From the perspective of the reshaping neural networks for hyper-adaptation, when the brain reorganizes neural networks by disinhibiting the pre-existing neural network that is normally suppressed (Figure 1), an internal dynamics based on RNNs can rapidly change its dynamical behavior to explore the landscape of cost functions (please see the following sections for details). When RNNs are embedded within an AS-based internal model, the systematic lawfulness of the control configuration (Figure 3) would allow the RNNs to find the global minimum of the cost functions. That is, physical intervention to the body dynamics can stimulate the feedback loops between the brain and the body to induce the reshaping of the RNNs for the global minimum of the cost functions as shown in Figure 1. In this section of motor control theories for hyper-adaptability, we provided an overview of the two main frameworks, namely, weak and strong anticipation, discussing the basic mechanisms of how they function and consequence for motor adaptation. Although the discussion on weather the parallel model should be used to implement the RNN as an internal dynamics needs to be clarified, the RNN would have a higher affinity with the idea of strong anticipation since it states that organisms like human beings anticipate events by continuously coupling their own (cognitive or somatic) processes to the dynamics of the environment. To induce the motor coordination for a given purpose, quite a few control frameworks would be able to achieve a goal; however, the mechanisms themselves can be different. Thus, as in the following sections, the physiological experiments conducted to measure the activity of neurons will play an important role to validate the extracted dynamics against the motor coordination and to discuss further the control framework used in the motor coordination of humans.
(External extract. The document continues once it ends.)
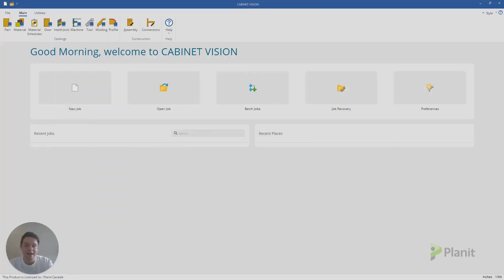G'day everyone, how's it going? My name is Clayton, this is the Planet Canada channel, and welcome back to another Cabinet Vision tutorial.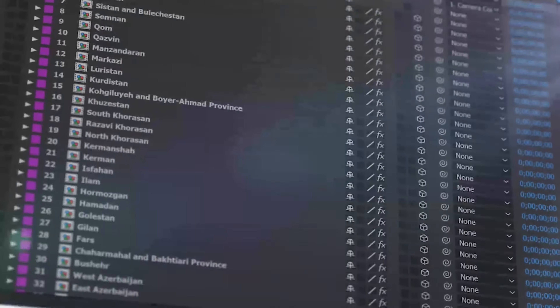Zoom in to regions of interest and hide the layers you don't need to focus on certain areas. Animate individual regions and add your own text and camera moves as required. Use your own content as a texture for the country,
4. Neural network modeling of hyper-adaption

In the previous sections, we reviewed the examples of hyper-adaptability in humans after stroke or traumatic brain injuries and discussed the applicability of control theories (weak and strong anticipation) in understanding the mechanisms of hyper-adaptability. These behavioral and theoretical considerations highlighted the ‘reconstruction’ of neural structures, which is essential for hyper-adaptation and differentiate it from normal adaptation. To understand the circuit mechanism of hyper-adaptability, it is necessary to establish neural network models that can recapitulate the behavioral change during hyper-adaptation. In addition, such neural network modeling also provides useful insights into physiological observations during hyper-adaptation. In the previous section, we attempted to apply the recurrent neural networks to replace a control process (i.e. internal dynamics). Here, we more generally discuss how recent advances of neural network modeling can be used to understand the circuit mechanisms of hyper-adaptability.
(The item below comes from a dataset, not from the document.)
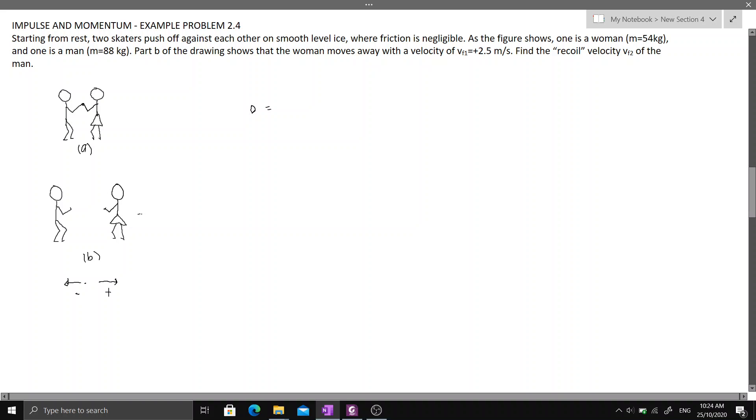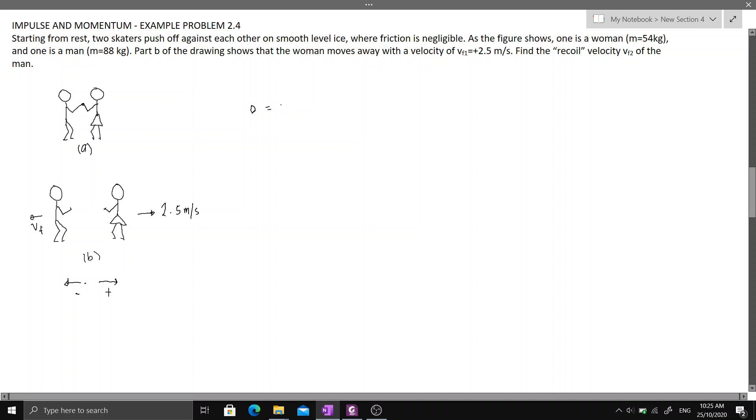we have the final velocity of the woman which is equal to 2.5 meters per second. And for the man, let's assume that he will move to the left. So this is V sub F.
4.1. Neural network modeling of sensory-motor systems

Neural network modeling has emerged as a powerful tool to emulate the neural functions and to infer their circuit mechanisms, such as sensory processing [42], decision making [43], and motor control [44–46]. One of the biggest successes is the application of feedforward neural networks (i.e. networks that only have feedforward connections) to recapitulate a neural processing of ventral stream in the visual system [42]. Such a feedforward network was successfully trained to identify objects in a large dataset of images (ImageNet). An advantage of neural network modeling is that once the network is sufficiently trained, researchers can ‘look inside’ the network, including synaptic connections and network structures, to get insights for critical structure, which achieves the desired functions. For example, the trained network of the ventral stream demonstrated that the neural responses of layers in the network were surprisingly similar to those recorded from the visual system, indicating the hierarchical and serial processing in the ventral stream.
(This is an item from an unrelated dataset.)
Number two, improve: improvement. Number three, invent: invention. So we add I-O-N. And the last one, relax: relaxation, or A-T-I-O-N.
However, in contrast to a huge success of the feedforward networks in modeling of the sensory system, their application to the motor system has not been successful. One of the potential reasons is that the motor control is fundamentally based on the interaction between top-down motor commands and feedback information. The ultimate goal of motor system is not to ‘represent’ some behavioral parameters, but to ‘generate’ a temporal, i.e. dynamic, pattern of motor outputs, such as muscle activation patterns [47]. Unlike a feedforward network, an RNN contains recursive connections that allow the past states of neurons to influence their current state, and it can generate a temporal pattern of motor outputs. In the RNN, the activity of the network ($\mathit{r}$) can be viewed as a differential equation of the input ($\mathit{u}$) and the own network activity: (3) $\dot{\mathit{r}}\left(t\right)=\mathit{J}\mathit{r}\left(t\right)+\mathit{u}\left(t\right)$(3) where $\mathit{J}$ represents the system dynamics that defines how the network activity develops over time.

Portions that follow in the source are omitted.